Sedangkan budaya-budaya Barat lebih cenderung menggunakan konsep-konsep. Makanya tak heran bagi sebagian besar masyarakat kita, orang yang sukses dan hebat itu diidentikkan dengan berpenampilan “mentereng”, kedaraan mengkilap dan tinggal di rumah mewah. Namun secara konsep apakah iya?. Bagaimana kalau semua itu didapatkan dengan keculasan, kelicikan dan menghalalkan segala cara?. Ditambah lagi peribahasa-peribahasa yang seakan telah begitu mengakar dalam budaya kita. “Diam itu emas”, “tong kosong nyaring bunyinya”, “air beriak tanda tak dalam” atau “Samdo Pandito ratu” yang menggiring lebih dihargainya bahasa nonverbal dibanding kecakapan bahasa lisan dalam komunikasi.
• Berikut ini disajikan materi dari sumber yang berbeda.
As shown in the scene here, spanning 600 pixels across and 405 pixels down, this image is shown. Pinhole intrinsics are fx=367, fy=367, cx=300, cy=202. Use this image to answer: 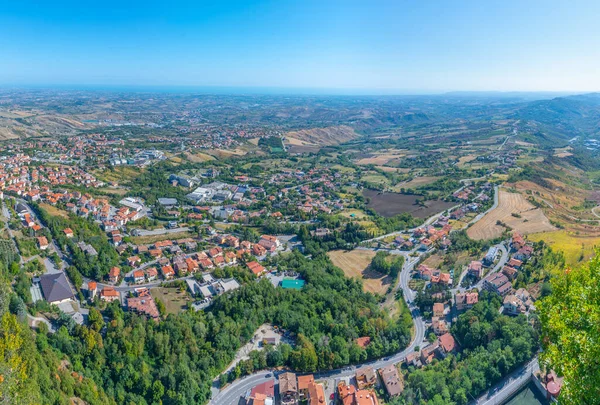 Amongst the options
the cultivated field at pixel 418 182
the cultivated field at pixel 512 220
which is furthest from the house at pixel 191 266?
the cultivated field at pixel 418 182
Oleh antropolog Edward T. Hall disebut sebagai high context culture. Dimana kemudian budaya ini dipertahankan sebagai bagaian dari budaya “adiluhung” bangsa, yang sebenarnya jika ditelusuri berasal dari budaya feodalisme masa lalu.

Kalaulah kita mau melihat secara objektif, tentu saja budaya-budaya seperti ini sebenarnya tidak sesuai dengan tuntutan demokrasi modern. Dimana lebih banyak menuntut pentingnya argumentasi, dialog, hingga perdebatan. Demokrasi pada dasarnya sangat menghargai pentingnya bahasa verbal sarat informasi dan pengetahuan.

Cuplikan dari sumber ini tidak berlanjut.